EXERCISE AIM:
Return every entry exactly. Leave nothing out.

MATERIAL PROVIDED:

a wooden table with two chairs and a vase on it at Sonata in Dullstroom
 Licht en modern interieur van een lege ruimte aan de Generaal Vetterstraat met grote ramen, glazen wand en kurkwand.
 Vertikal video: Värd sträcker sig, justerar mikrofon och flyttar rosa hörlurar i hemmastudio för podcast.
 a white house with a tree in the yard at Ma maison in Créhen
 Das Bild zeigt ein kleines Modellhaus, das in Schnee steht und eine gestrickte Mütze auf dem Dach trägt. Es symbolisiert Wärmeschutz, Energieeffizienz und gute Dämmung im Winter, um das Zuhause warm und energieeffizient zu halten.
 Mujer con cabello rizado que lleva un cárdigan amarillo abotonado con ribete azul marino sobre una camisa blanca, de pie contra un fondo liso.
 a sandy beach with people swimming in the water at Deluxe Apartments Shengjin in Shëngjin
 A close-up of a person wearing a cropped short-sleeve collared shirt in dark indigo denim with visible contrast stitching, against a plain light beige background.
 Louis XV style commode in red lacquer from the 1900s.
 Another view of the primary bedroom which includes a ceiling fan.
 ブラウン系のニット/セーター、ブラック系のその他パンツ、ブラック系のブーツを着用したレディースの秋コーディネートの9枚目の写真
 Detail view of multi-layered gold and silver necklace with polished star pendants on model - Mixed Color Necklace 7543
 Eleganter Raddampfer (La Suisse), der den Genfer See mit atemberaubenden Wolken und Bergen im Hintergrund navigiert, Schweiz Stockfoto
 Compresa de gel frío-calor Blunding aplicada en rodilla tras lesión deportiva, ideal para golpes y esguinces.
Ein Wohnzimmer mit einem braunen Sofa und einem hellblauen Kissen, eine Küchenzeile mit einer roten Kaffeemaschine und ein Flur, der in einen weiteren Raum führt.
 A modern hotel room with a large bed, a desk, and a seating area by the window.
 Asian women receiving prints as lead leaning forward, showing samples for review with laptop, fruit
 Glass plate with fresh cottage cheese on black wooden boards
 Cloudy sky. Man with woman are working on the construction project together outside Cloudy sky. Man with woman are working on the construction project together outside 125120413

RESPONSE TO THIS TASK:
a wooden table with two chairs and a vase on it at Sonata in Dullstroom
 Licht en modern interieur van een lege ruimte aan de Generaal Vetterstraat met grote ramen, glazen wand en kurkwand.
 Vertikal video: Värd sträcker sig, justerar mikrofon och flyttar rosa hörlurar i hemmastudio för podcast.
 a white house with a tree in the yard at Ma maison in Créhen
 Das Bild zeigt ein kleines Modellhaus, das in Schnee steht und eine gestrickte Mütze auf dem Dach trägt. Es symbolisiert Wärmeschutz, Energieeffizienz und gute Dämmung im Winter, um das Zuhause warm und energieeffizient zu halten.
 Mujer con cabello rizado que lleva un cárdigan amarillo abotonado con ribete azul marino sobre una camisa blanca, de pie contra un fondo liso.
 a sandy beach with people swimming in the water at Deluxe Apartments Shengjin in Shëngjin
 A close-up of a person wearing a cropped short-sleeve collared shirt in dark indigo denim with visible contrast stitching, against a plain light beige background.
 Louis XV style commode in red lacquer from the 1900s.
 Another view of the primary bedroom which includes a ceiling fan.
 ブラウン系のニット/セーター、ブラック系のその他パンツ、ブラック系のブーツを着用したレディースの秋コーディネートの9枚目の写真
 Detail view of multi-layered gold and silver necklace with polished star pendants on model - Mixed Color Necklace 7543
 Eleganter Raddampfer (La Suisse), der den Genfer See mit atemberaubenden Wolken und Bergen im Hintergrund navigiert, Schweiz Stockfoto
 Compresa de gel frío-calor Blunding aplicada en rodilla tras lesión deportiva, ideal para golpes y esguinces.
Ein Wohnzimmer mit einem braunen Sofa und einem hellblauen Kissen, eine Küchenzeile mit einer roten Kaffeemaschine und ein Flur, der in einen weiteren Raum führt.
 A modern hotel room with a large bed, a desk, and a seating area by the window.
 Asian women receiving prints as lead leaning forward, showing samples for review with laptop, fruit
 Glass plate with fresh cottage cheese on black wooden boards
 Cloudy sky. Man with woman are working on the construction project together outside Cloudy sky. Man with woman are working on the construction project together outside 125120413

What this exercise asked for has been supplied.